After the yards, we picked up the “Lieutenant”. He was a nuclear trained officer, and I stood many hours on-watch in Nukeland with him.
Every Sunday morning underway, the Engineering Officer of the Watch was tasked with updating the primary plant status board. This was a schematic piping diagram of the reactor primary plant systems that showed the open or shut status of all the manually operated valves. This drawing was located on the cover of the bookcase that hung on the back wall of the Maneuvering Room. The drawing was about sixteen inches high and about four feet long, and was mounted behind a plexiglass panel. Each valve had its position, NO for normally open or NC for normally closed, printed next to it for normal plant operation. If a valve was out of its normal position, its status was marked on the plexiglass with a grease pencil. The EOW would call the AMR2 UL or LL watch stander on the 2JV and review valve positions.

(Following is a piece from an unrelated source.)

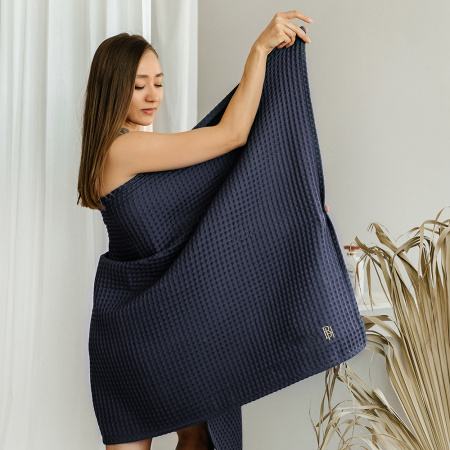 Полотенце вафельное Графит с вышивкой BH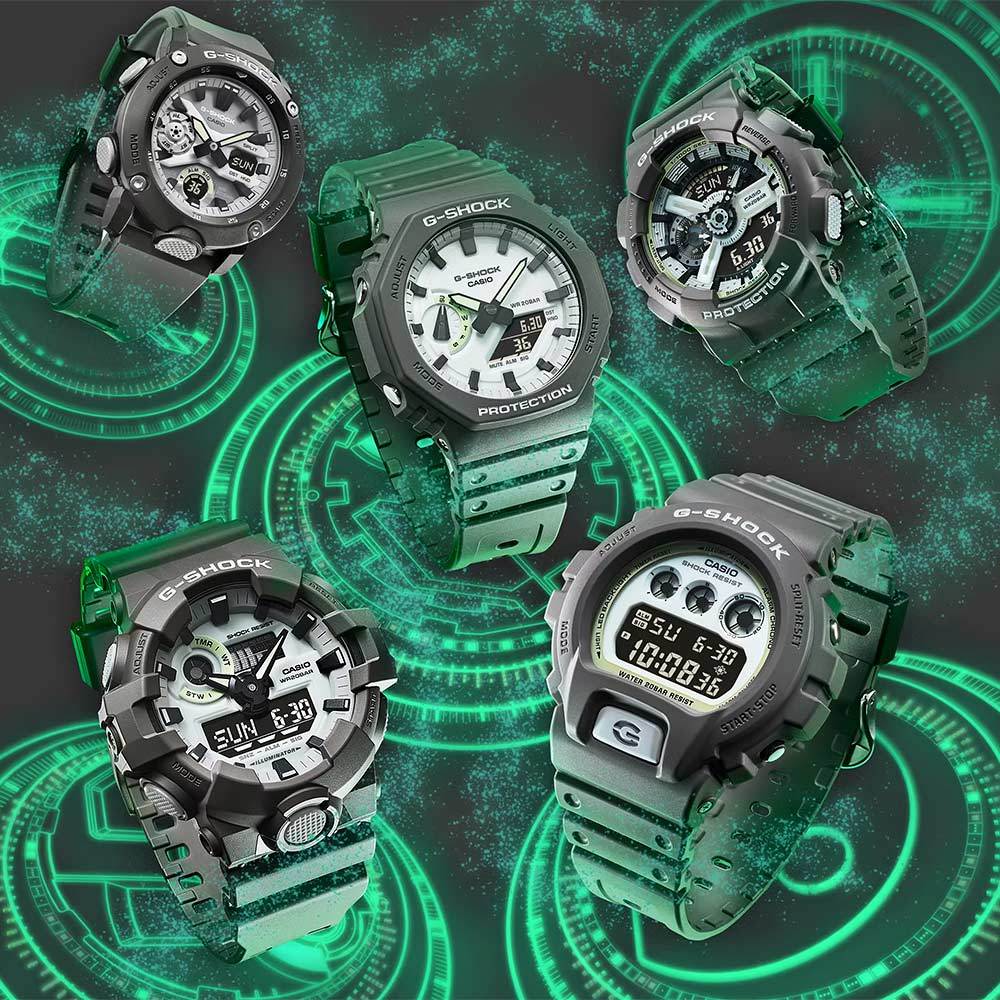 CASIO 卡西歐 G-SHOCK 綠光系列雙顯運動手錶 GA-110HD-8A, , large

It was tedious but required work.
One Sunday morning, the Lieutenant was the EOW and I was the Throttleman. Rather than stand behind the Reactor Operator and update the status board, the Lieutenant, being one of the shorter officers, would kneel on the top of the EOW desk located behind the Electrical Operator, so he could reach the valves towards the top of the status board. He spent the morning, precariously balanced on his knees, on top of the EOW desk reaching out to mark valve status.
We had been faithfully boring a hole in the ocean at three knots for the past several days, so things were rather dull. Once an hour I would record all my log readings, and then stand or sit and watch the dials and gauges on the SPCP not change for another hour, before recording them again. Fun stuff.
I was standing with my back against the Steam Plant Temperature Monitoring panel watching the Lieutenant. He was reaching for a valve that was almost out of his reach. When he was fully extended, on impulse I plucked the grease pencil from his fingertips. This pulled him over center and out of balance. He fell forward and turned, as I stepped up and caught him in my arms. As if on cue, at that moment Captain Garverick pulled back the curtain on the Maneuvering Room door.
So here I was, standing behind the Reactor Operator away from my watchstation, holding the Lieutenant in my arms, like a father cradles a child. We were had, cold. Not missing a beat, Captain Garverick looked the Lieutenant straight in the eye and demand to know with command indignity in his voice, exactly what he was doing with the Throttleman.
I have never seen a man blush so deeply or stammer so profusely since that day.